The selected protein sequences were aligned using several algorithms, including MUSCLE, CLUSTALX, MAFFT-L-INS-i and T-coffee. The MUSCLE aligned sequences, which yielded the highest score according to the word-oriented objective function (WOOF), were chosen for subsequent analysis82. Low quality alignment regions were removed by TrimAl to retain only those columns present in at least 30% of the sequences83. Alignments were visually inspected and manually edited when necessary. ProtTest was used to find the most suitable model for phylogeny reconstruction before phylogenetic analysis84. The maximum-likelihood (ML) phylogenetic tree was constructed using RAxML version 8.2.085 with the WAG Model (+I + G), which got the highest score in the ProtTest analysis. Support values were calculated using 100 bootstrap replicates. A Bayesian tree was constructed using MrBayes version 3.2.6 with the WAG model86. For the MrBayes consensus trees, 5,000,000 generations were completed with trees every 500 generations. To investigate the extent of selection affecting the arsM genes, SLAC (Single Likelihood Ancestor Counting) in the HyPhy software suite87 were used to perform the calculation of non-synonymous and synonymous (dN/dS) ratio, as well as statistical tests for purifying or positive selection for individual codons. Additional statistical tests in the HyPhy software suite REL (Random Effect Likelihood) and FUBAR (Fast Unbiased Bayesien Approximation) were used to confirm whether arsM codons display statistically significant signature of purifying selection.
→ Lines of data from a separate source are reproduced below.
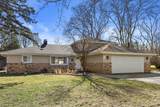 12135 Luther Ave - Photo 1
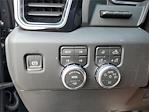 New 2026 GMC Sierra 2500 Denali Crew Cab for sale #T1897 - photo 31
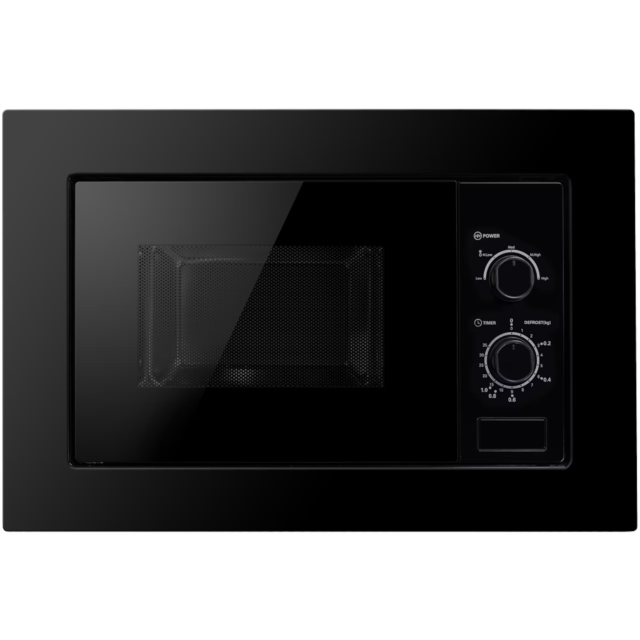 Cata UBPBK20LC.1 Built In Microwave
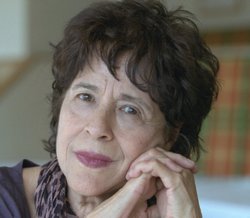 Adele Morales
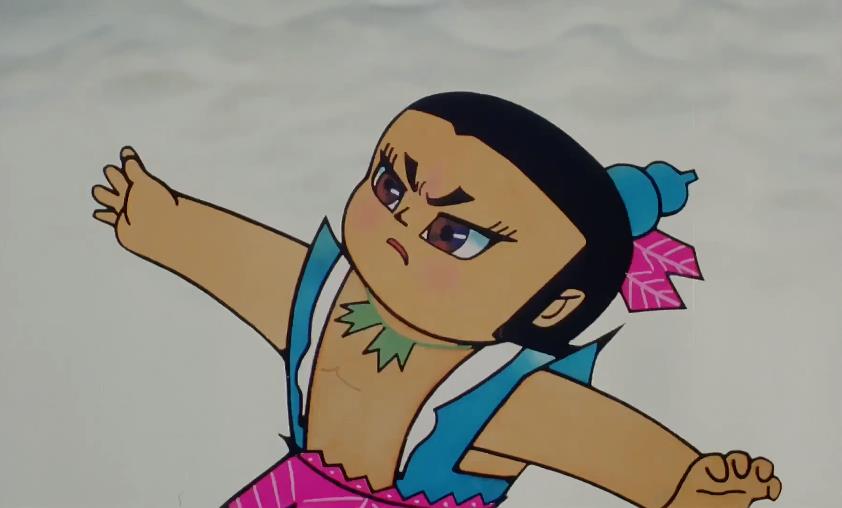  p data-id="go13jaglp2">水娃,中国动画《 a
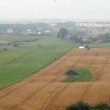 A_IMG_5345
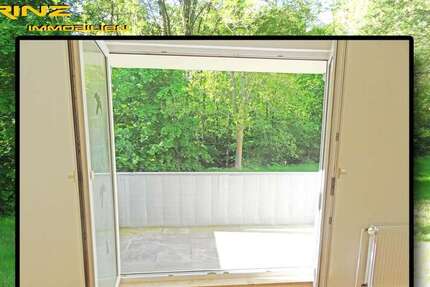 Wohnung Herdecke - 2 Zimmer, 46 m&sup2;, 95.000&euro; | Angebot:27093473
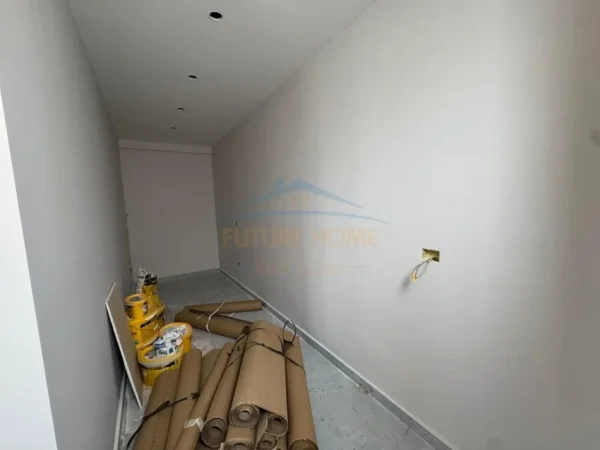 Tirane, shitet apartament Kati 6, 231 m² 750.000 € 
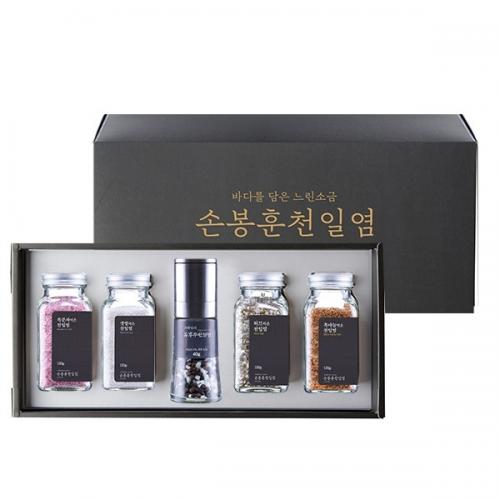섬네일이미지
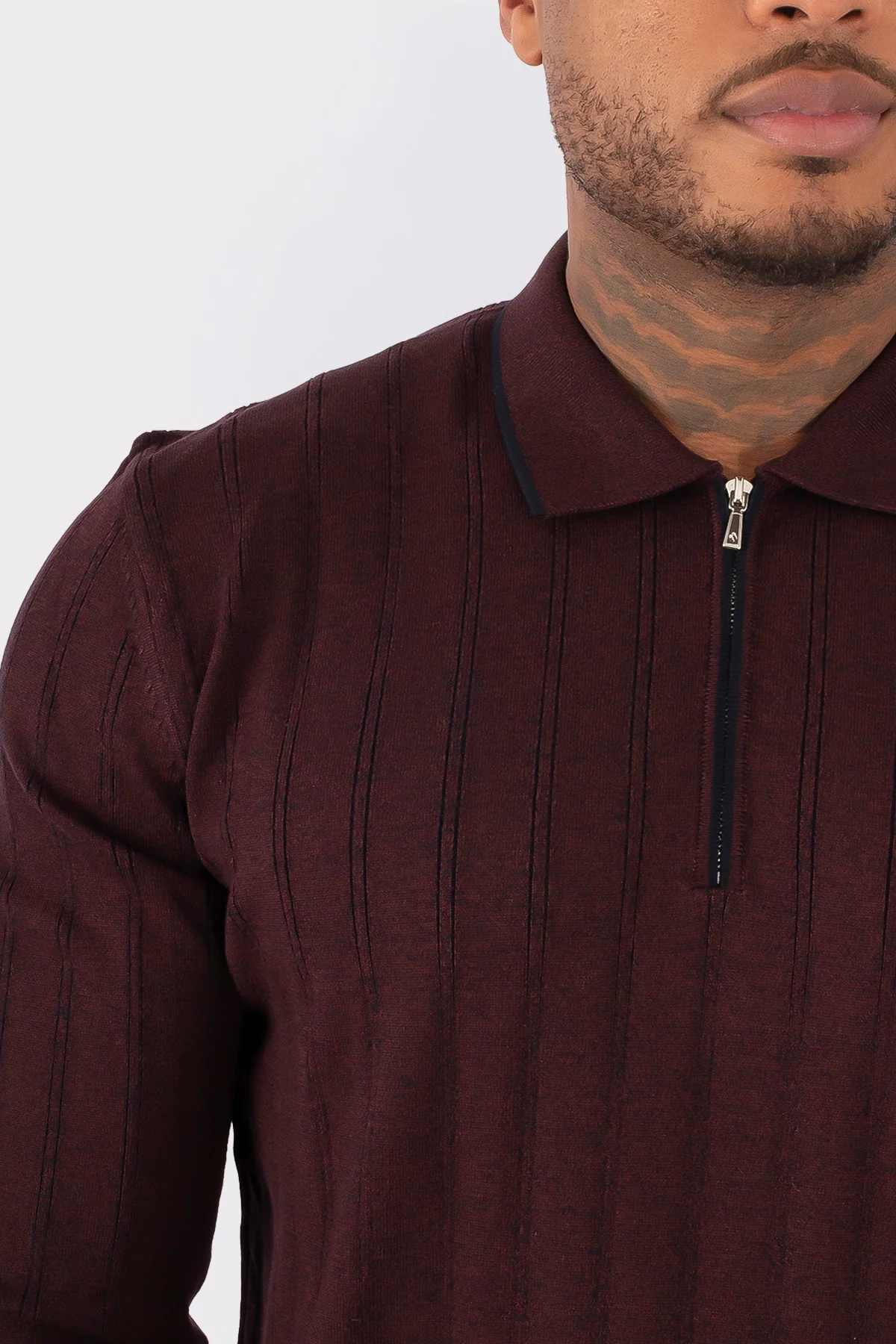 THE CATANA LONGSLEEVE - Image 28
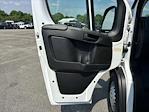 New 2025 Ram ProMaster 3500 High Roof Empty Cargo Van for sale #402411 - photo 16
Phylogenetic congruence Test

To determine whether the eukaryotic non-monophyly in ArsM phylogeny was statistically significant, approximately unbiased (AU) test implemented in CONSEL package88 was conducted as reported in a previous study27. Briefly, 48 alternative trees where all eukaryotic species were forced into monophyly were generated by prune and re-grafting algorithm, keeping those closest to the original maximum likelihood tree in terms of Robinson and Folds distance (as computed by treedist program in PHYLIP89 package). PHYML90 was used to optimize parameters and calculate per-site likelihoods (using option -print_site_lnl) by providing the alternative trees as user tree. Programs makemt and catpv implemented in CONSEL package were run to calculate the P value for each alternative topology using the AU test.

Molecular evolutionary analysis

To examine whether differences in the evolutionary rates among the lineages are significant, we performed a likelihood ratio test (LRT) between homogeneous rate model and heterogeneous rate model using PAML91 package. Homogeneous rate assumes a single evolutionary rate (homogeneous rate) for all compared lineages. Heterogeneous rate model assigned each compared lineage with its independent evolutionary rate (heterogeneous rate). The likelihood of two models was calculated with the codeml program in PAML and compared using the LRT. Relative rate test implemented in RRTree92 was conducted to confirm whether all compared lineages have a homogeneous rate of evolution.

Note added in proof

While this manuscript was under review, a new report was published which assessed the evolutionary origin of AS3MT93, the animal version of arsenite methyltransferase. In that study, horizontal gene transfer of AS3MT between animal and bacteria as well as between fungi and bacteria was reported. Their conclusions support our concept that recurrent horizontal transfer of arsM genes facilitated adaptation of life to arsenic.